50.0 g (0.19 mole) of 5-cyano-10-nitro-5H-dibenz [b, f] azepine was dissolved in 500 ml of pyridine and 10 g of palladium / carbon (5%) was added, followed by room temperature and pressure. Hydrogenation is carried out. The catalyst was filtered off, the solvent was evaporated in vacuo and the remaining crude product was recrystallized from methanol / water to give the same 5-cyano-10-isonotros-10, 11-dihydro as the product obtained according to Example 33. -5H-dibenz [b, f] azepine is tapped.

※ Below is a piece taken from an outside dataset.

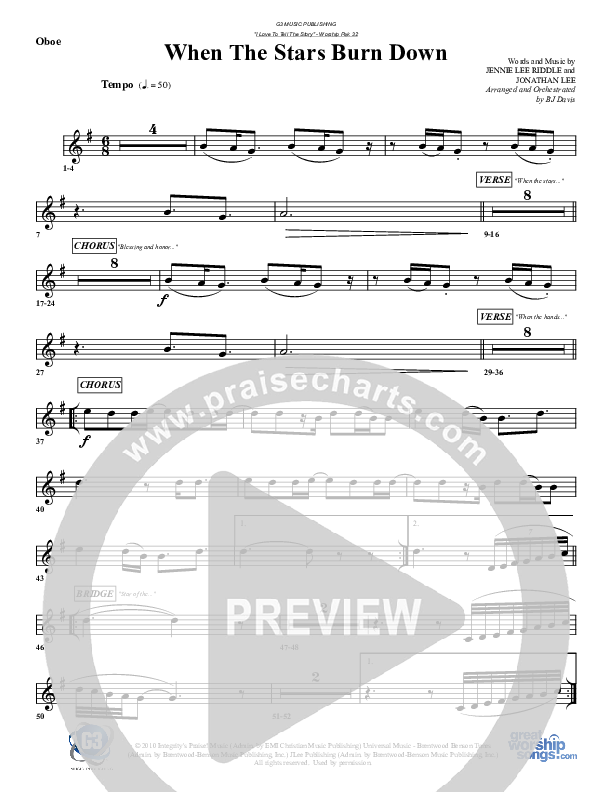 When The Stars Burn Down Oboe (G3 Worship)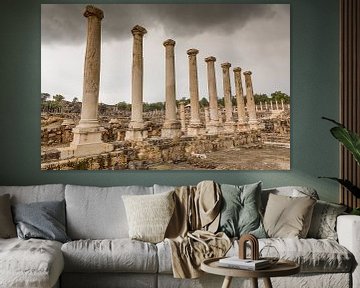 Romeinse ruines met zuilen in Bet She An in Israel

Yield: 35.6 g, 75.2% of theory

Example 35

2.5 g (0.01 mole) of 5-cyano-10-isonitroso--10, 11-dihydro-5H-dibenz [b, f] azepine was diluted with 25 ml of toluene, 15 ml of ethanol and 10 ml of concentrated hydrochloric acid. Suspension in the mixture. The suspension is stirred at 50 ° for 30 minutes and the toluene layer is separated and then evaporated to dryness in vacuo. Slurry filtration of the crystalline residue by slurrying with 10 ml of isopropanol and washing twice with isopropanol yielded the same 5-cyano-10-oxo-10, 11-dihydro-5H-di as the product obtained according to Example 17. Benz [b, f] azepine is obtained. Yield: 0.8 g, 35% of theory

Example 36

26.3 g (0.1 mole) of 5-cyano-10-nitro-5H-dibenz [b, f] azepine is suspended in 265 ml of ethylene glycol monoethyl ether and 75 ml of concentrated hydrochloric acid. 40 g of iron powder is added in small portions over 40 minutes at 40 ° and the temperature is maintained at 40 ° by external cooling. After stirring the mixture for 2 more hours at room temperature and heating to 80 °, the precipitated product is dissolved again, which is filtered through a heated suction filter and subsequently washed with ethylene glycol monoethyl ether. Crystallization starting in the filtrate is completed by adding 200 ml of water. After cooling for 1 hour in an ice bath, filtration and washing with a mixture of ethylene glycol monoethyl ether and water 1: 1. When comparing the I R spectra, the same 5-cyano-10-oxo-10, 11-dihydro-5H-dibenz [b, f] azepin is obtained which is identical to the material obtained in Example 17. Yield: 19.0 g, 81.2% of theory

Claims (1)

5-Cyano-5H-dibenz [b, f] azepine of formula (I) was used as a lower alkane carboxylic acid up to 4 carbon atoms, a lower alkane carboxylic acid anhydride up to 4 carbon atoms, a lower alkane carboxylic acid up to 4 carbon atoms and anhydrides thereof. Nitrogenated at about 0 to 120 ° C. with a nitrating agent selected from N ₂ O ₃ · N ₂ O ₄ or nitric acid using a weight ratio of solvent 1: 3 to 1:30 (weight / volume) in a solvent selected from the mixture. 5-cyano-10-nitro-5H-dibenz [b, f] azepine of (II) is produced and then released by hydrogen in the presence of a hydrogenation catalyst or by a metal in an acid selected from inorganic or lower alkane carboxylic acids. After reducing the 10-nitro group of the compound of formula (II) at 10 to 100 ° C. with a reducing agent selected from generator hydrogen or stannous chloride, 2H ₂ O, the reaction mixture was hydrolyzed to give 5-cyano of formula (V). -10-oxo-10, 11-dihydro-5H-dibenz [ b, f] azepine is produced, and the 5-cyano group of the compound of formula (V) is present in solution form of an inorganic acid, a lower alkane carboxylic acid with up to 4 carbon atoms or a lower alkane carboxylic acid or as a complex of the formula BF ₃ .2CH ₃ COOH 5-carbamoyl-10-oxo-10, 11-dihydro-5H-di of formula (III), characterized by hydrolysis at -5 to 150 ° C by an acidic reagent selected from among boron trifluorofluoride. Method for preparing benz [b, f] azepine.